Seascape's foundations are the deepest in Auckland CBD. Photo / Jason Oxenham
Auckland Council staff are inspecting the foundations of the $200 million, 56-level Seascape apartment block on Customs St East, with a council officer expecting final sign-off on that below-ground stage around the middle of this year.
Jeff Fahrensohn, the council's field surveying manager, said examinations were being carried out onareas of the diaphragm wall in the CBD's deepest hole, to ensure compliance.
"The council has moved into the final phase of investigations happening on the site. Six areas are being exposed around the outside of the basement. The first was uncovered about six months ago and we are going through six panels," he said.
"We would expect signoff on the foundations around mid-year."
Those six areas run down to about 5m below the ground, and were 6m to 10m wide, Fahrensohn said.
And although some reports have referred to defects in the diaphragm wall between Gore St and Commerce St, Fahrensohn said: "I hesitate to use that work defects. This is normal procedure, always expected and the same process was carried out during many other jobs with diaphragm walls including construction of the Victoria Park tunnels and for the Kirkbride Rd underpass at Mangere."
New Lynn's rail trench was another example of a site with a diaphragm wall.
"What is happening at Seascape is an internationally-accepted way to build underground without having to tunnel."
The tower will be New Zealand's tallest at 187m above ground level, or 203m from the lowest foundation floor to the tower's apex. That is higher than the 178m, 52-level $300m Pacifica tower, now being built a block away. However, the two projects are at very different phases - Pacifica is nearing its top level while works at Seascape are still below ground.

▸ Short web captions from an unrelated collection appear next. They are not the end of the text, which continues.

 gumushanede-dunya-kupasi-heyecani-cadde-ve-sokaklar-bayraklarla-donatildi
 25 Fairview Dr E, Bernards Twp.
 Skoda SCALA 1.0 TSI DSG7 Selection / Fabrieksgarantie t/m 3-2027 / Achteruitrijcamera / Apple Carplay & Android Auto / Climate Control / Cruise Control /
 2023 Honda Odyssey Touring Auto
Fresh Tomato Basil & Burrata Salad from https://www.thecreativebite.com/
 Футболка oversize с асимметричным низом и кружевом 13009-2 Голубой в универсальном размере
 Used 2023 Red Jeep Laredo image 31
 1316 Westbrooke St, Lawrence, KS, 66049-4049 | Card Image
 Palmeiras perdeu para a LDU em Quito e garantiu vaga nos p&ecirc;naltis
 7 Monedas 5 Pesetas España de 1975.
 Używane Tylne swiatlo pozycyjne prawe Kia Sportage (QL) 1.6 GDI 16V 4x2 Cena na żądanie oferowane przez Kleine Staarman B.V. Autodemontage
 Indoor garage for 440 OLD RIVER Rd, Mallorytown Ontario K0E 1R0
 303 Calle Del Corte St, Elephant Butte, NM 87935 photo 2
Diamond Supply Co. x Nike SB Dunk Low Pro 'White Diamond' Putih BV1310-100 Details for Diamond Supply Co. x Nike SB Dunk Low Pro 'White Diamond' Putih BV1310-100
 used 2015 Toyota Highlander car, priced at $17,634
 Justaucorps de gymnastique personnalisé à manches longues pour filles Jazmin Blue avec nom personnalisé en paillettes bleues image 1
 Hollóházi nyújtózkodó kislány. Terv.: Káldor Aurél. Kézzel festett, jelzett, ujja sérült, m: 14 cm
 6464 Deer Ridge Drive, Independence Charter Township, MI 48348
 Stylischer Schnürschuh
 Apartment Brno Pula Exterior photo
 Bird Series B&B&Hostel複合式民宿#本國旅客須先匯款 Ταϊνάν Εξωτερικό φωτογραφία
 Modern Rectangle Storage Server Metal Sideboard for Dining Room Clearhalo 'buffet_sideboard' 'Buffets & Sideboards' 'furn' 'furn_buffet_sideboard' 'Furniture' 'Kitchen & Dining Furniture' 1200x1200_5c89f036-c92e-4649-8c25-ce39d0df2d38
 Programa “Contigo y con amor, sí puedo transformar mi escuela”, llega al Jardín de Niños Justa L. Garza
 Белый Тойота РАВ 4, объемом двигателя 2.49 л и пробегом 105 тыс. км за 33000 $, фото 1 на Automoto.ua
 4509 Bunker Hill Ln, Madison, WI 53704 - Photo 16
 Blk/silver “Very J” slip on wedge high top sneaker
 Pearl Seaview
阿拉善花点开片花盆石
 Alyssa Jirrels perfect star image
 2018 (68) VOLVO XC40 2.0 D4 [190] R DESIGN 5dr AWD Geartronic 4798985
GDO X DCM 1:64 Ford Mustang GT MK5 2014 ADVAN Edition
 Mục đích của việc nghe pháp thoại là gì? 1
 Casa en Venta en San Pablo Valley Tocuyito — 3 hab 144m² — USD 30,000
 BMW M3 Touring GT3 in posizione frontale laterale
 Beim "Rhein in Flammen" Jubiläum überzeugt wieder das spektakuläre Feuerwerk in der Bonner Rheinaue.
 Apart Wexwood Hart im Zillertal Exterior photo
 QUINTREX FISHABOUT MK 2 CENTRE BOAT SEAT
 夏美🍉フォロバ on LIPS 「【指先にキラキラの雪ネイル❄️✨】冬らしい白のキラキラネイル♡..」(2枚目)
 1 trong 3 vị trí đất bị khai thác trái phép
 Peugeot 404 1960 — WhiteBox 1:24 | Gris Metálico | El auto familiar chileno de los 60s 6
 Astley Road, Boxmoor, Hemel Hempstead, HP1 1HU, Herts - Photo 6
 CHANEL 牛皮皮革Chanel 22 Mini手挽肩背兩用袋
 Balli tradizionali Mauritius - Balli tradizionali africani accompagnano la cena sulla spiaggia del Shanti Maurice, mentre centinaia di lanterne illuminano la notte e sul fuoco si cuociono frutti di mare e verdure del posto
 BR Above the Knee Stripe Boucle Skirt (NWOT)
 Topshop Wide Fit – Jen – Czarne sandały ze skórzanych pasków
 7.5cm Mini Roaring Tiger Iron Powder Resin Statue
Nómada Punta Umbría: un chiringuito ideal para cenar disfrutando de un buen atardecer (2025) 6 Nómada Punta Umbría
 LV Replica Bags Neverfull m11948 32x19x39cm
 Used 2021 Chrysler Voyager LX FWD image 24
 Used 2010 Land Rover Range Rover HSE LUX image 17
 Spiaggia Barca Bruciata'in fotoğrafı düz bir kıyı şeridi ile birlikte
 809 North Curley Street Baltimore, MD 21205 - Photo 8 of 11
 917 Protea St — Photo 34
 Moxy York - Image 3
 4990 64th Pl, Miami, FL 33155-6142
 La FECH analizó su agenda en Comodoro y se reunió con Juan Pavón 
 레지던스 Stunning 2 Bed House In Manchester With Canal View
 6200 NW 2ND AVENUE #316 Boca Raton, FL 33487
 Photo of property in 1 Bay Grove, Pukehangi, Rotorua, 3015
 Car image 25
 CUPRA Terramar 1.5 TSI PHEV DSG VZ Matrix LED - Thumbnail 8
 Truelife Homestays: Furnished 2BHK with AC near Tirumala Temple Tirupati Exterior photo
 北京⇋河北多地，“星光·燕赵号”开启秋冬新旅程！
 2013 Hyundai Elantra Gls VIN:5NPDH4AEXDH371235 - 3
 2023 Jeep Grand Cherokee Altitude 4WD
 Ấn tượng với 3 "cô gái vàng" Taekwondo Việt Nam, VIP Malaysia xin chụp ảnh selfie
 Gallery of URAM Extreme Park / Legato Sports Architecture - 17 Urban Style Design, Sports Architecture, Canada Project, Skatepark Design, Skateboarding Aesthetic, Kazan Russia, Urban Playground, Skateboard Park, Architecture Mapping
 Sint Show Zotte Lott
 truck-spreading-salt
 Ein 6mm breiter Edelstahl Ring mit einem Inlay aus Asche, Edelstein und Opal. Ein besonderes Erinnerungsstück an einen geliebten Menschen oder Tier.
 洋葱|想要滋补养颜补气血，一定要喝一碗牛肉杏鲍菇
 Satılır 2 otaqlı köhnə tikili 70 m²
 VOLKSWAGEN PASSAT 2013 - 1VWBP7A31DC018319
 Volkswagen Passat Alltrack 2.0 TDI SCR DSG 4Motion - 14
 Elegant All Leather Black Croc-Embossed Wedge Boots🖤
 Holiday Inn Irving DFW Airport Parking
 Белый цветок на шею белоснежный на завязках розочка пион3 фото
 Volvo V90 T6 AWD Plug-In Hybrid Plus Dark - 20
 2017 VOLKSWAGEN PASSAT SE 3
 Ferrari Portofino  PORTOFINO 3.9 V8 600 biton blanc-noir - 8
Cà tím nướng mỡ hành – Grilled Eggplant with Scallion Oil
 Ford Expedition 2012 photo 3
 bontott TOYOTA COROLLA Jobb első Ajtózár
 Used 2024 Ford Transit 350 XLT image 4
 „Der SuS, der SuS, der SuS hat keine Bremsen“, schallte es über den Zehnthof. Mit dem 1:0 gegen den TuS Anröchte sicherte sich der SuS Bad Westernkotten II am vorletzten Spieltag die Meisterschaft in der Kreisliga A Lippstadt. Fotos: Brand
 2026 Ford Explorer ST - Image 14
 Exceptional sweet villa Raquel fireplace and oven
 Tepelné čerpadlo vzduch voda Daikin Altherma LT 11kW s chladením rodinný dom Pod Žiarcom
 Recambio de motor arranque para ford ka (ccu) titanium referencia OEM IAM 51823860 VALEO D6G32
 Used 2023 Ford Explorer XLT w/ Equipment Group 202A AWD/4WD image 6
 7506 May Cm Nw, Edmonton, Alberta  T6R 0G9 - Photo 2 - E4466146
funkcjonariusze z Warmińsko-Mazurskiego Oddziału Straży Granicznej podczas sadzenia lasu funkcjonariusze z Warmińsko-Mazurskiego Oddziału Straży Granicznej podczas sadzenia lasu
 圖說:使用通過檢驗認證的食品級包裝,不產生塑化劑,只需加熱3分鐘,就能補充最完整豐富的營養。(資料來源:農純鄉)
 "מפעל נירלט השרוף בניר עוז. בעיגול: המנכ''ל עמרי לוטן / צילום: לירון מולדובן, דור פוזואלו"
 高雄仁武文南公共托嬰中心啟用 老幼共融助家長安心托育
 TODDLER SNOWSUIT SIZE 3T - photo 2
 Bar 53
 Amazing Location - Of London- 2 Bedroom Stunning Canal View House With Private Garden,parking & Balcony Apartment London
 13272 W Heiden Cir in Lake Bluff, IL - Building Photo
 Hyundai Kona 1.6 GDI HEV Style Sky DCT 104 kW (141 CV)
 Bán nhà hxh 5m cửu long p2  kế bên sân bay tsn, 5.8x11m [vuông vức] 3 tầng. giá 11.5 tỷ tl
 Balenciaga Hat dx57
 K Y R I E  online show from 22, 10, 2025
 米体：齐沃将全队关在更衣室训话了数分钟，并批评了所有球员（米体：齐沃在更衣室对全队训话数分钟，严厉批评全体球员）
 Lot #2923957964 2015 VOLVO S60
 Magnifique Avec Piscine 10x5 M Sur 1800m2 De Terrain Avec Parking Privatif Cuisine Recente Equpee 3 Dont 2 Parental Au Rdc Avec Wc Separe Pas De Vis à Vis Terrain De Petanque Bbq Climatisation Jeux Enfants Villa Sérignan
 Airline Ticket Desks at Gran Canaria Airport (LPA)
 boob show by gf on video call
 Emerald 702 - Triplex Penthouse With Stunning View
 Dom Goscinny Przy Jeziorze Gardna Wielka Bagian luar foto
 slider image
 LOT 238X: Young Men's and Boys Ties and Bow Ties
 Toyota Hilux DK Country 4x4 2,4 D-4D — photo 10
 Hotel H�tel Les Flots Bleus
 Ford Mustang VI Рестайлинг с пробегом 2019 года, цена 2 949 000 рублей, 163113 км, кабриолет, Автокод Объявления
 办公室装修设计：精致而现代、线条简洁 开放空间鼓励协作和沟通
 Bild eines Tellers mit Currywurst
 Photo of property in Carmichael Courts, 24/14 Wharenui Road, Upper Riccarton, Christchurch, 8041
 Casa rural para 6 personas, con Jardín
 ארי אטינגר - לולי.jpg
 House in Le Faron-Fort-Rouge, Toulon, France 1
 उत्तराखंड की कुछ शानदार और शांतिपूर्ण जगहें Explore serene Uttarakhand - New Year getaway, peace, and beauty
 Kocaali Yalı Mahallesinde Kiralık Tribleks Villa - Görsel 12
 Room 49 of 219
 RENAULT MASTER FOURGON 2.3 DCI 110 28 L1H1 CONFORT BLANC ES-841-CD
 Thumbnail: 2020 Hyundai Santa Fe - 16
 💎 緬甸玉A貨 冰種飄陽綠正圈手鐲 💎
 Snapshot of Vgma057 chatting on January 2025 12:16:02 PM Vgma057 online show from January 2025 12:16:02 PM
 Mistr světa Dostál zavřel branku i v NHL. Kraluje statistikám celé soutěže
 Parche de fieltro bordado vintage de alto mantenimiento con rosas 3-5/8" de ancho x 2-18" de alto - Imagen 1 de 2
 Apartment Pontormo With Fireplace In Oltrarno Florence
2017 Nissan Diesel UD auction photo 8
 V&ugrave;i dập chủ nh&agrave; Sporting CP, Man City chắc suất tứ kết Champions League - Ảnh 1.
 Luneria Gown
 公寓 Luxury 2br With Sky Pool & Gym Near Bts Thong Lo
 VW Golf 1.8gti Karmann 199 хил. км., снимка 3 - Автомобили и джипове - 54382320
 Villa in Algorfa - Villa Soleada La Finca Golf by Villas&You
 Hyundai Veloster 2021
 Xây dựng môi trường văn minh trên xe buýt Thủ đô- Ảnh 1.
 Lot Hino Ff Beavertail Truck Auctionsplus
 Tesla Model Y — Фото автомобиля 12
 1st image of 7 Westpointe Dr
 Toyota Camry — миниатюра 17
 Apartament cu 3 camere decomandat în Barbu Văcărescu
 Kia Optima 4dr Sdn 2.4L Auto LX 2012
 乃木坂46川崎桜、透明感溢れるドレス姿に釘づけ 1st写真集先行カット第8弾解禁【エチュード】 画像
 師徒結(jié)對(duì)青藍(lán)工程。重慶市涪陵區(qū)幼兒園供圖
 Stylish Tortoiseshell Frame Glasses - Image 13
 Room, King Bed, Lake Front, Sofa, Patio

China Construction is building Seascape, while Icon Construction is building the Pacifica.
Nick Gillespie, structural practice leader at engineers Mott MacDonald, who is working on Seascape, said work was going completely according to programme, there were no delays of any significance and nothing unexpected.
Engineering business Beca had prepared an independent review of the work and presented that to the council, he said.
That Beca report had concluded that further evidence was required to demonstrate compliance of the project's diaphragm wall construction.
"The project team agrees, and to that end is currently exposing portions of the far face to investigate the built condition. The first of these has recently been completed and has provided the positive results that were expected. These investigations are continuing in parallel with construction works within the basement, and are not affecting progress on site," said Gillespie. The project is expected to be finished around 2022.
Construction was continuing in accordance with the project programme, he emphasised.
There had always been a plan for investigations of the external face of the diaphragm wall, which the project team raised as a result of the risk of defects that being encountered.
In December, Gillespie told the Herald: "The defects don't concern us. We're using tried and tested concrete repair techniques to address the localised defects in some panels of the walls. Only one set of inspections remain to be completed."